**Exercise goal**
Please transcribe the data that follows without the pictures, keeping every word the same.

[[ Collected data open ]]

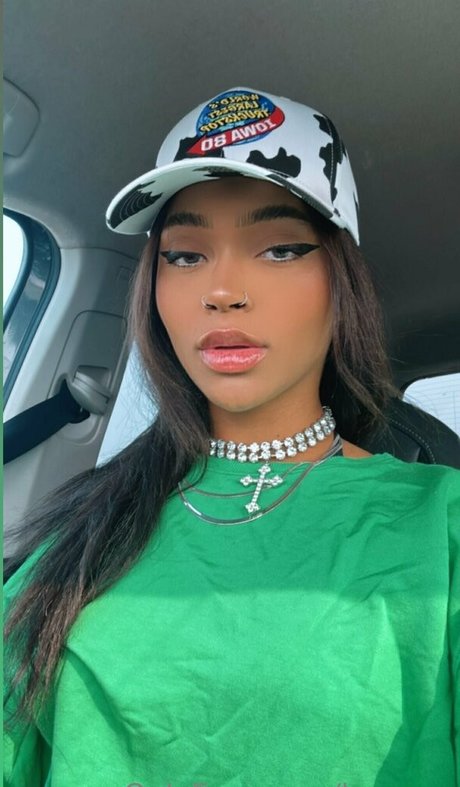 be rave star naked images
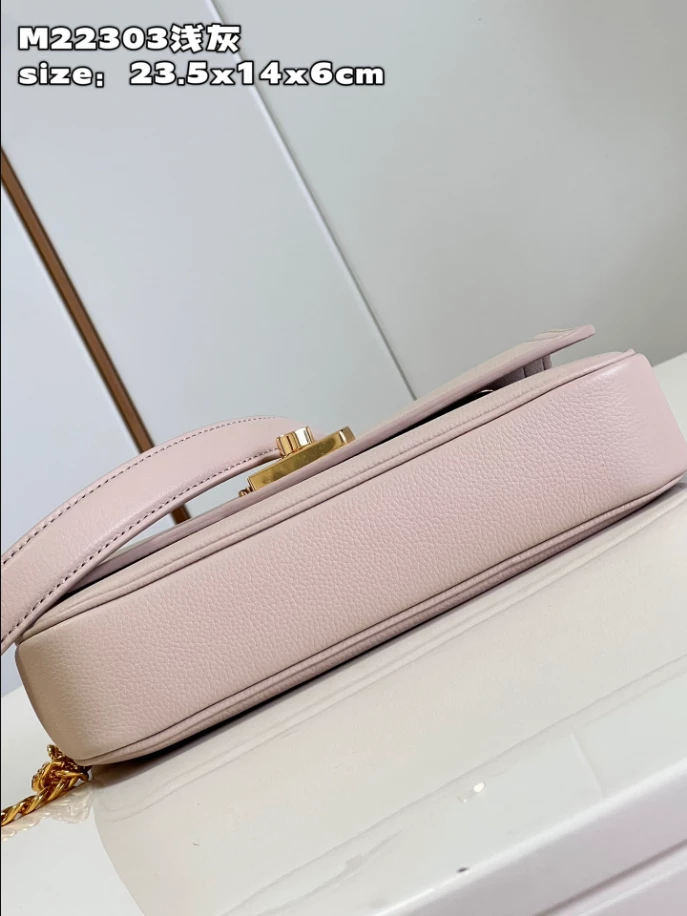 LockMe Chain Bag East West - LB244 - Image 6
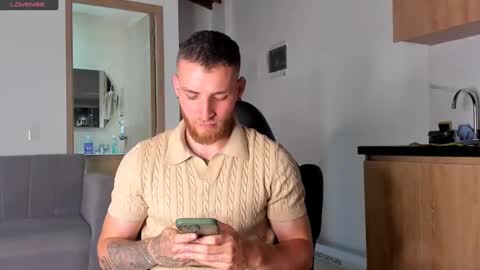 Snapshot of greeneyes_col chatting on 3, 2, 2025 Juan online show from 3, 2, 2025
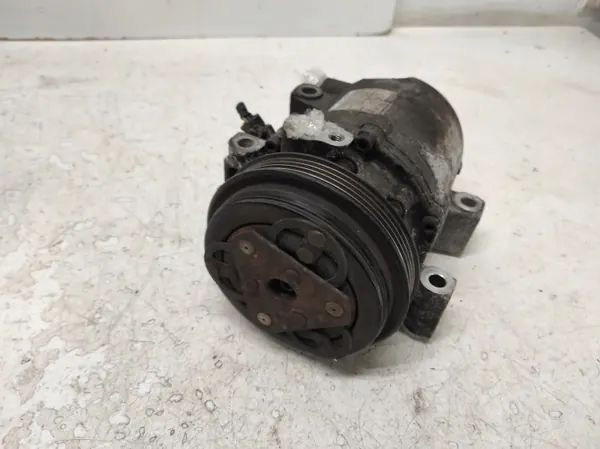 Subaru Forester I Klimakompressor OEM 73111FA132 image 3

[[ Collected data closed ]]

**Solution for this exercise**
 be rave star naked images
 LockMe Chain Bag East West - LB244 - Image 6
 Snapshot of greeneyes_col chatting on 3, 2, 2025 Juan online show from 3, 2, 2025
 Subaru Forester I Klimakompressor OEM 73111FA132 image 3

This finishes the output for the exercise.